**What the exercise asks**
Taking the line with "Photo of 2014 John Deere S680" as the first and the line with "FOR SALE Graha" as the last, set down the lines below exactly, pictures excluded.

**Given data**

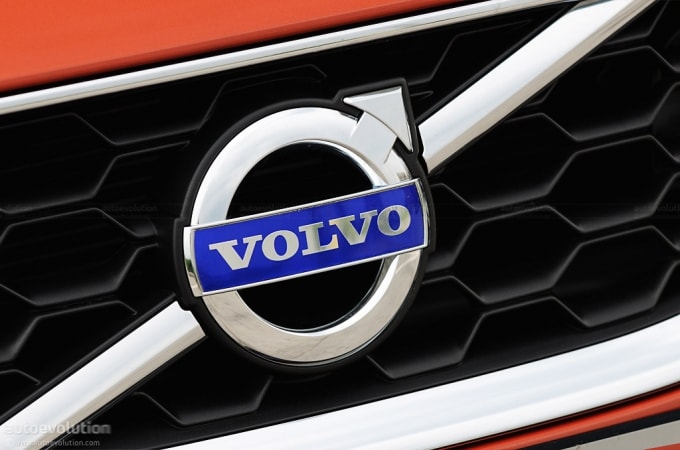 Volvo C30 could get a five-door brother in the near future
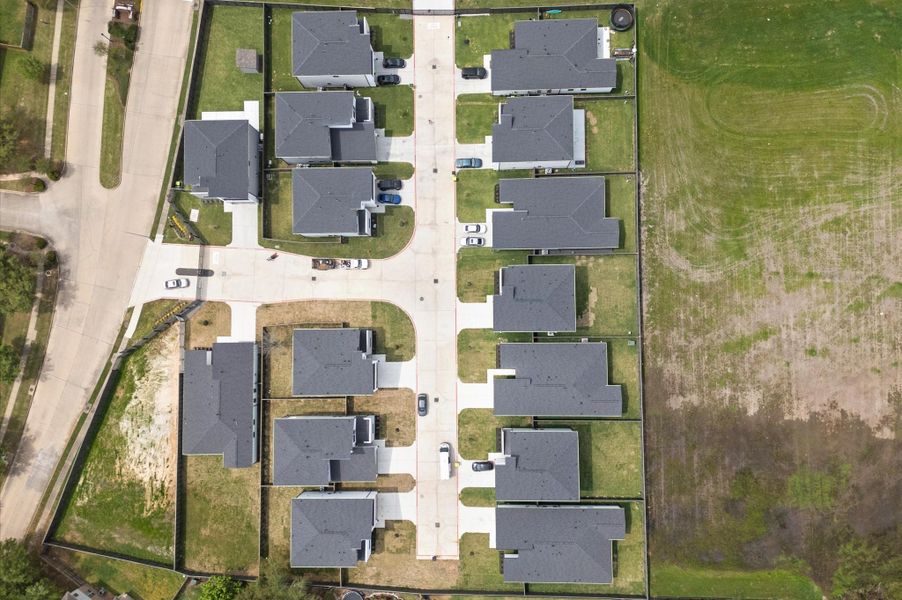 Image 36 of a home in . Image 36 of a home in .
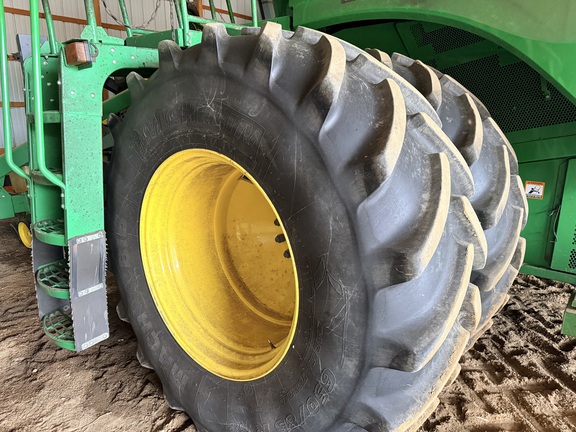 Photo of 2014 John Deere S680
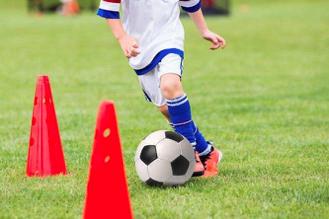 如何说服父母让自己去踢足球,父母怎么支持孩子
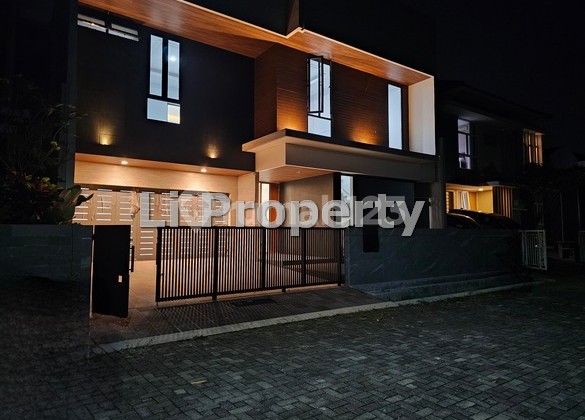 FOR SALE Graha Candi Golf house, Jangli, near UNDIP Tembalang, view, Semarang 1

* * *

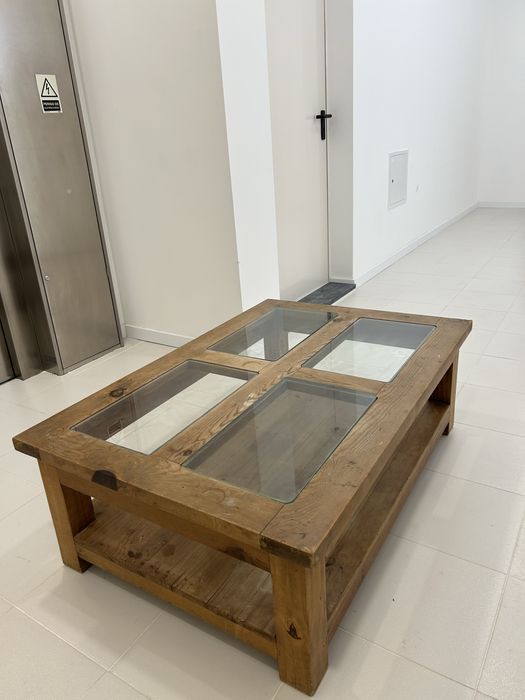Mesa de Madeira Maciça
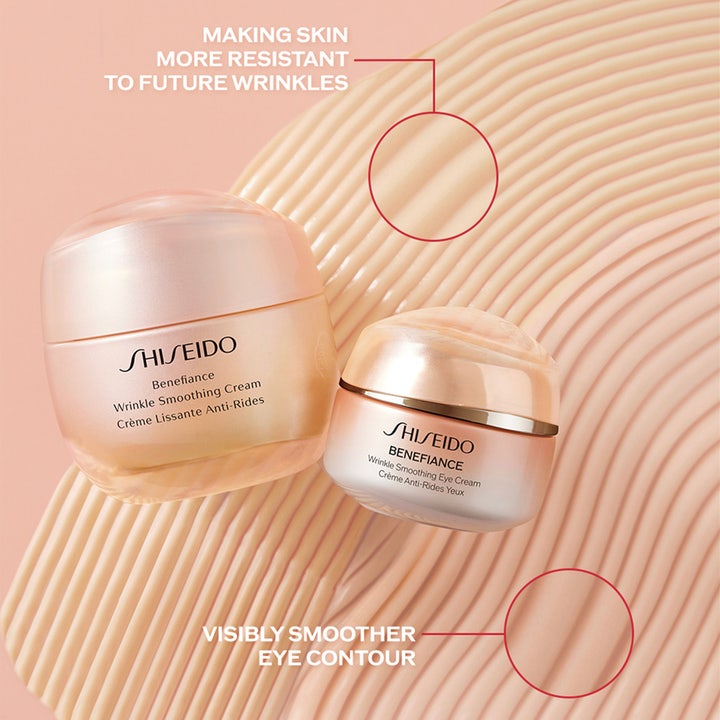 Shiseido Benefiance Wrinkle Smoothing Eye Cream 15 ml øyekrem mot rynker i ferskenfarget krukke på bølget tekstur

---

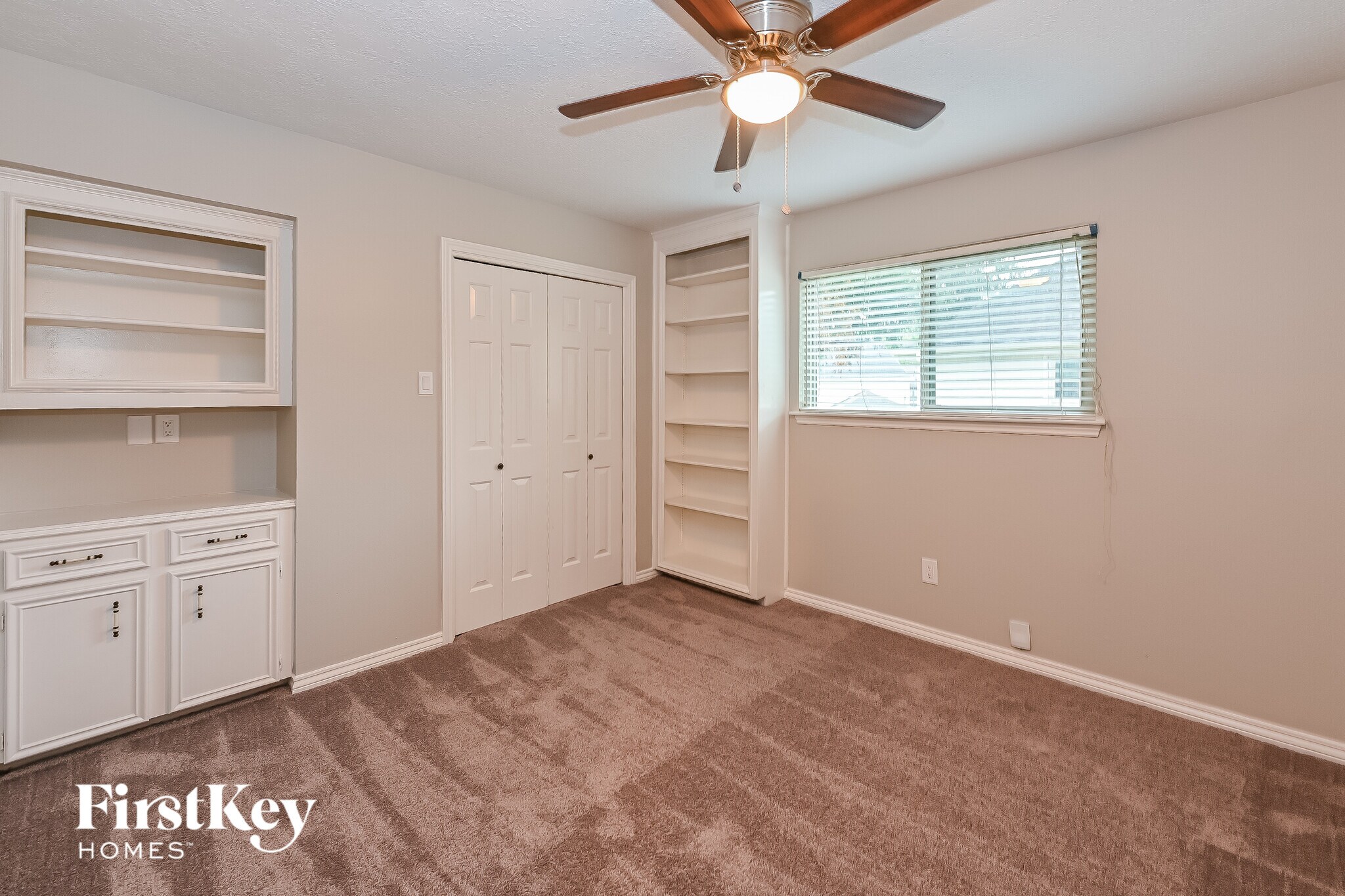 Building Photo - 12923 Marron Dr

**Response for this exercise**
 Photo of 2014 John Deere S680
 如何说服父母让自己去踢足球,父母怎么支持孩子
 FOR SALE Graha Candi Golf house, Jangli, near UNDIP Tembalang, view, Semarang 1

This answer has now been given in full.